Dataset entries:
-----
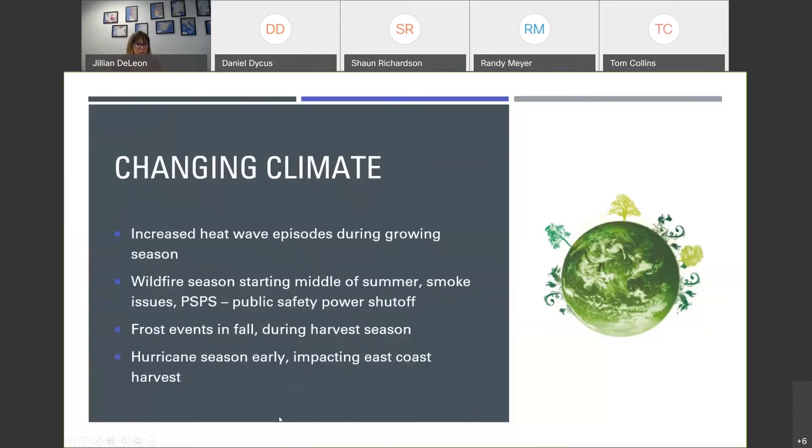With the changing climate, we've seen increased heat wave episodes. On the North Coast we've had over 15 different heat wave episodes so far this growing season, which is a very high number. We now have wildfire season starting in the middle of summer, bringing smoke taint issues. Later in the fall we see power shutoffs that greatly impact the winemaking process. We also have frost events — Washington was hit very hard in the middle of their red harvest last year, as was Napa and Mendocino. And on the East Coast, winemakers deal with hurricane season, which is starting earlier and earlier.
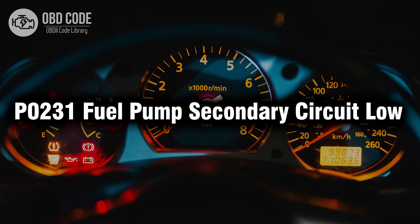Welcome. In this video we will talk about code P0231, its symptoms, causes and possible solutions.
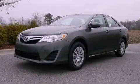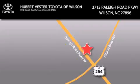Call or visit us right now and arrange your test drive today. Hubert Fester Toyota is located at 3712 Raleigh Road Parkway in Wilson. Our goal is to exceed all of your expectations to ensure that you'll return for future visits.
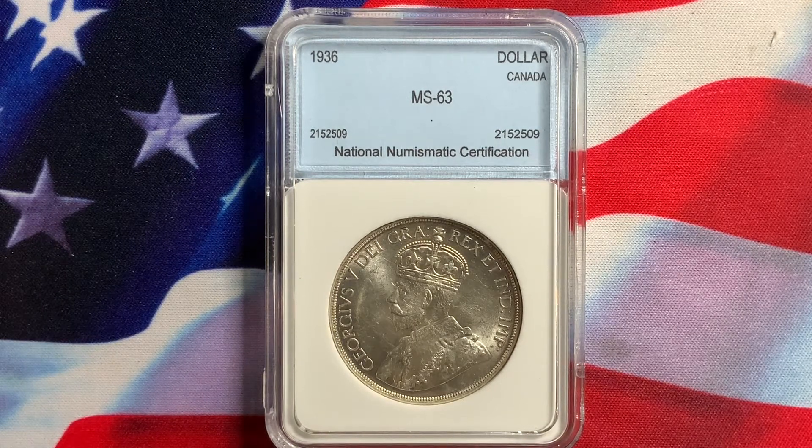This series started in 1935 and continued on till 1966, and continued further on till presently as commemorative coins. From 1935 to 1966 they are in 800 fine silver, so they have a lot of silver. It's a good size, popular coin that a lot of people collect — Canadian collectors, US collectors, and European collectors.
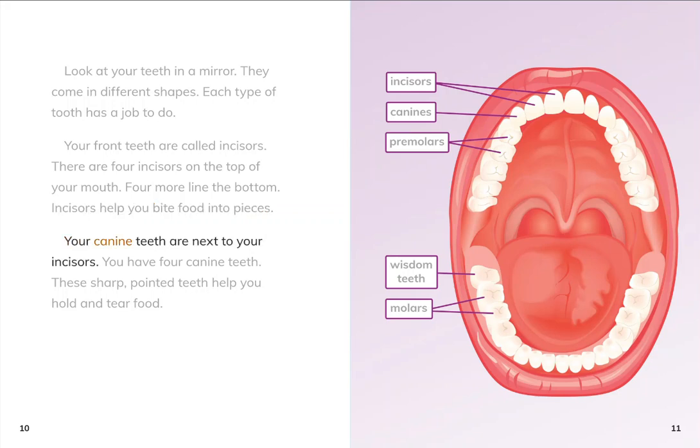Your canine teeth are next to your incisors. You have four canine teeth. These sharp pointed teeth help you hold and tear food.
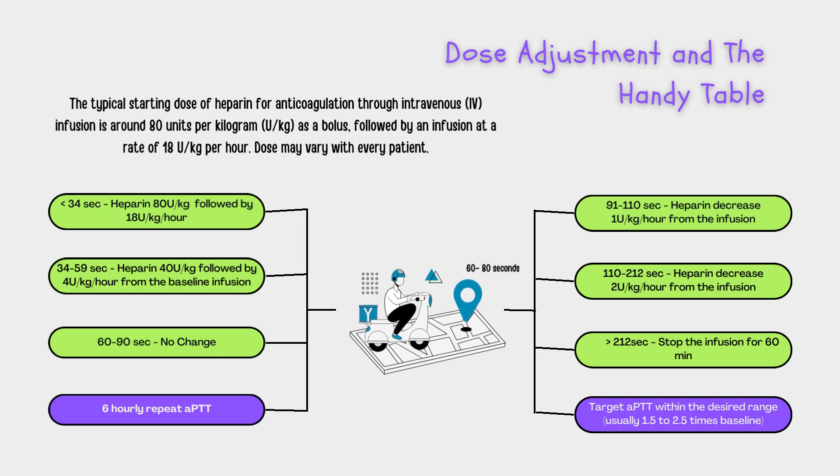So how do healthcare providers fine-tune heparin dosages? Think of it like adjusting your car's speed during a road trip — we've got a handy roadmap, just like a GPS that guides your medical journey. If APTT is less than 34 seconds, they may increase the heparin infusion rate by 4 units per kilogram per hour after another 80 unit per kg bolus. If it's slightly off, 35 to 59 seconds, they may increase the infusion rate by 2 units per kg per hour after another 40 units per kg. For the Goldilocks range of 60 to 90 seconds, where everything's just right, no immediate changes are needed.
-----
> [Task to carry out]:
Before duplicating, set the pictures aside; then output exactly the lines from the one with "Your canine teeth" through the end of the records, and only those.

> [Your solution]:
Your canine teeth are next to your incisors. You have four canine teeth. These sharp pointed teeth help you hold and tear food.
So how do healthcare providers fine-tune heparin dosages? Think of it like adjusting your car's speed during a road trip — we've got a handy roadmap, just like a GPS that guides your medical journey. If APTT is less than 34 seconds, they may increase the heparin infusion rate by 4 units per kilogram per hour after another 80 unit per kg bolus. If it's slightly off, 35 to 59 seconds, they may increase the infusion rate by 2 units per kg per hour after another 40 units per kg. For the Goldilocks range of 60 to 90 seconds, where everything's just right, no immediate changes are needed.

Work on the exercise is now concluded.